Но теперь она вдруг поняла, что мелочей в жизни не бывает. Те нервные срывы, которые позволял себе муж при его рациональном и спокойном всегда поведении, наверное, уже были последней каплей, чтобы выплеснуть из чаши терпения всё то негодование, которое накопилось в нём за годы работы у Канетелина. И если с ней он компенсировал негатив страстью, то вне любви, в делячестве по-крупному, в кругу отчаянных пройдох, возможно, был ловок не более, чем музыкант перед фрезерным станком.

Она его, конечно, не идеализировала, считая себя не вправе предъявлять супругу претензии, касающиеся его дел, поскольку это только в церковных постулатах личность в абсолютном грехе и стопроцентный праведник есть два разных субъекта. В жизни всё гораздо сложнее, в жизни работают законы диалектики. В любой твари всего понемногу, и в своих действиях она всегда сообразуется с представлениями об окружающей её обстановке. В конце концов, если бы в мире не было зла, мы бы понятия не имели, что такое есть добро. Однако предел допустимого, который у всех разный, есть та особая мера, которую и стоит только принимать в расчёт и вести за неё борьбу, что и должно являться целью каждодневного воспитания.
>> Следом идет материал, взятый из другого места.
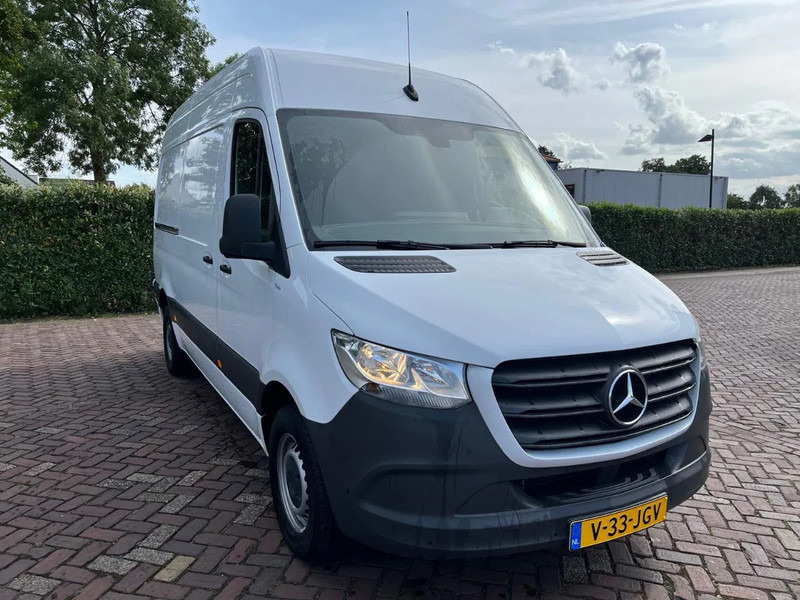 Mercedes-Benz Sprinter 317 1.9 CDI L2H1 - Furgon, Dostavno vozilo sa duplom kabinom: slika 4 Mercedes-Benz Sprinter 317 1.9 CDI L2H1 - Furgon, Dostavno vozilo sa duplom kabinom: slika 4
Олег был, безусловно, талантливым учёным, а главное трудолюбивым, об этом все говорили открыто. То есть он находился на такой стадии становления, что подчеркнуть его талантливость уже не считалось мягкой похвалой авансом, которой удостаиваются обычно молодые дарования. Он много печатался, участвовал в нескольких телевизионных проектах, его часто цитировали в статьях и в Интернете, но всё это до того момента, как его пригласили однажды заняться серьёзной научной проблемой в обмен на обусловленные такими случаями некоторые ограничения. Следует отметить, что такие предложения зря не поступают. Затрагиваемая в разговоре тема, как правило, стоит того, чтобы потратить на неё определённые жизненные силы. Молодой амбициозный учёный без долгих раздумий приступил к делу и был последним, кто влился в слаженный коллектив лаборатории, хотя насчёт слаженности, здорового честолюбия у них, наверное, было не всё гладко. Марина сразу почувствовала перемены в настроении мужа, как только он перешёл на новое место работы. Некое внутреннее напряжение и мрачноватость, чего раньше у него не наблюдалось, довольно долго не оставляли его по вечерам, и она связывала это только с его работой – никакой другой причины быть не могло. Из всех знакомых только с Виталием он расслаблялся по-настоящему, за это Марина и ценила Виталия как друга семьи, то есть и её друга тоже. Виталий был такой же деловой и интересный, но делить с Олегом ему было нечего, они занимались совершенно разными вещами. А сама она никогда бы не стала причиной раздора между ними, они это прекрасно знали оба: она очень сильно любила Олега.

Именно в силу своего особого статуса в их доме Виталий однажды и поведал Марине о том, что её муж, похоже, не очень ладит с учёными коллегами и, как Виталий подозревает, проблема может вырасти в серьёзный конфликт. Не доверять его словам не было резона, но она поначалу также не придала новости особого значения. Мало ли что может происходить у мужа на работе. Совсем необязательно ему делиться с ней своими трудностями, чего он, собственно, никогда и не делал. Он вполне волевой человек и способен отстоять свои позиции без особых трудностей, а если будет что-то важное, то, разумеется, посвятит её в возникшие проблемы в первую очередь. И вот теперь Виталий говорит, что его друг ежедневно ездил на работу, как на битву, теряя вдохновение в жалких противостояниях. Но если постоянно раздражаешься, беспричинно или имея для того повод, то рано или поздно начинаешь осознавать вполне конкретно оформившееся по отношению к оппоненту чувство. Ненависть – штука коварная. Она возникает, когда нет возможности убедить себя в безразличии, наоборот, возводя безразличие на пьедестал своих амбиций, доказывая себе, что это главная твоя цель.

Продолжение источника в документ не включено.